Marie et Paul vivent séparés depuis un jugement de séparation de corps : Paul décède ensuite. En l’absence d’une renonciation dans leur convention, Marie conserve les droits prévus pour le conjoint survivant (par exemple une part ou un droit d’occupation selon la loi). À l’inverse, si leur convention de séparation de corps, signée d’un commun accord au moment de la séparation, contient une clause claire par laquelle ils renoncent tous deux à ces droits successoraux, Marie ne pourra pas prétendre à ces prérogatives au moment de la succession de Paul.
- La séparation de corps n’annule pas automatiquement les droits successoraux du conjoint survivant : ceux‑ci sont conservés en principe.
- Exception : en cas de séparation de corps par consentement mutuel, les époux peuvent, dans leur convention, renoncer expressément aux droits successoraux prévus par les articles 756 à 757‑3 et 764 à 766.
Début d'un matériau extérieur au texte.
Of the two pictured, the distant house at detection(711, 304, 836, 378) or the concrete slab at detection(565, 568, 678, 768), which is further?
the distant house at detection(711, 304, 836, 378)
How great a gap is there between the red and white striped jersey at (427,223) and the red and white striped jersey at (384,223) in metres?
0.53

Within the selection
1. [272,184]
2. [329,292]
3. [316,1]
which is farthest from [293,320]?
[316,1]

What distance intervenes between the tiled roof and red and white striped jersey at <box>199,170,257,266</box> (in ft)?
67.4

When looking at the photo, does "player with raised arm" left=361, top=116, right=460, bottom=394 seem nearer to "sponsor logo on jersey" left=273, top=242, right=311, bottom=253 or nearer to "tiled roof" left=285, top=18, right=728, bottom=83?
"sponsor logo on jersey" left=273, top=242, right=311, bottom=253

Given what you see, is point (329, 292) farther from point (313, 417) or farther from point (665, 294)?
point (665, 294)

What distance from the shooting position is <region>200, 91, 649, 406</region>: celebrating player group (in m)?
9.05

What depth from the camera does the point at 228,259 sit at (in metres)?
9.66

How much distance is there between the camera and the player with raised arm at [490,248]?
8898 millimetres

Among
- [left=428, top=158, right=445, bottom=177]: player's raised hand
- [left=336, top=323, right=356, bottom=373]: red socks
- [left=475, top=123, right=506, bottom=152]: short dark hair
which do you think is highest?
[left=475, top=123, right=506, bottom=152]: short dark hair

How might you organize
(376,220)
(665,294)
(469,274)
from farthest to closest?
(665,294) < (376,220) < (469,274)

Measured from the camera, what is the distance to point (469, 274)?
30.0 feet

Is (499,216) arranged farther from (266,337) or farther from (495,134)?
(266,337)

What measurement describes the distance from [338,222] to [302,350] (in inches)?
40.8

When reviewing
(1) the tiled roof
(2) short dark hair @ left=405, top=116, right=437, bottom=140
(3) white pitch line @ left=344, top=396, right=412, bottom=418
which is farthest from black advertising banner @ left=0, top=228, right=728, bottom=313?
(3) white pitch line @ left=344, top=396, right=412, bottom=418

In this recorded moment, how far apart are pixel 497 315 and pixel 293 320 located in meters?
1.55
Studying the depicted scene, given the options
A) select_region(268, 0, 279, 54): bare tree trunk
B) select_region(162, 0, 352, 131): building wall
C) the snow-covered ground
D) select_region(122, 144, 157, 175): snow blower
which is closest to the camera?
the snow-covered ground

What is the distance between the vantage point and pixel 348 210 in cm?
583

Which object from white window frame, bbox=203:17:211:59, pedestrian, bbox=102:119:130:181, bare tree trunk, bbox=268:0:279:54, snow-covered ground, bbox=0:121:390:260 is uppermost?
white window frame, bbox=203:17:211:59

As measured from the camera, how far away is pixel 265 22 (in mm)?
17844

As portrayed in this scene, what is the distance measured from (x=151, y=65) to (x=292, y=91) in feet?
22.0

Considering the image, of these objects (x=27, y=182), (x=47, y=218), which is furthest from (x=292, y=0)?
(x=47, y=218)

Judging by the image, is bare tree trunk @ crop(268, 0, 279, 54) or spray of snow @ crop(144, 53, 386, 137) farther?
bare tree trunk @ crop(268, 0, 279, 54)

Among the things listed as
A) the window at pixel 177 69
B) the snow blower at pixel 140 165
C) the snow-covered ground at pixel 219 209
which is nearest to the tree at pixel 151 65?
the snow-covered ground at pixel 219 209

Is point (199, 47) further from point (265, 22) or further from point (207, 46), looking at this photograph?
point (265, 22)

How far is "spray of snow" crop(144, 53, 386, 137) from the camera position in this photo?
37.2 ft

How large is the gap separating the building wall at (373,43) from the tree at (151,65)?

- La renonciation doit être prévue dans la convention de séparation par consentement mutuel : elle n’est pas présumée.
- La renonciation porte sur des droits successoraux précis (ceux visés par les articles cités) et a des conséquences importantes sur la succession.
- Avant d’accepter ou de rédiger une renonciation aux droits successoraux, il est recommandé de se faire conseiller (notaire/avocat), car l’effet est irréversible et touche la répartition des biens au moment du décès.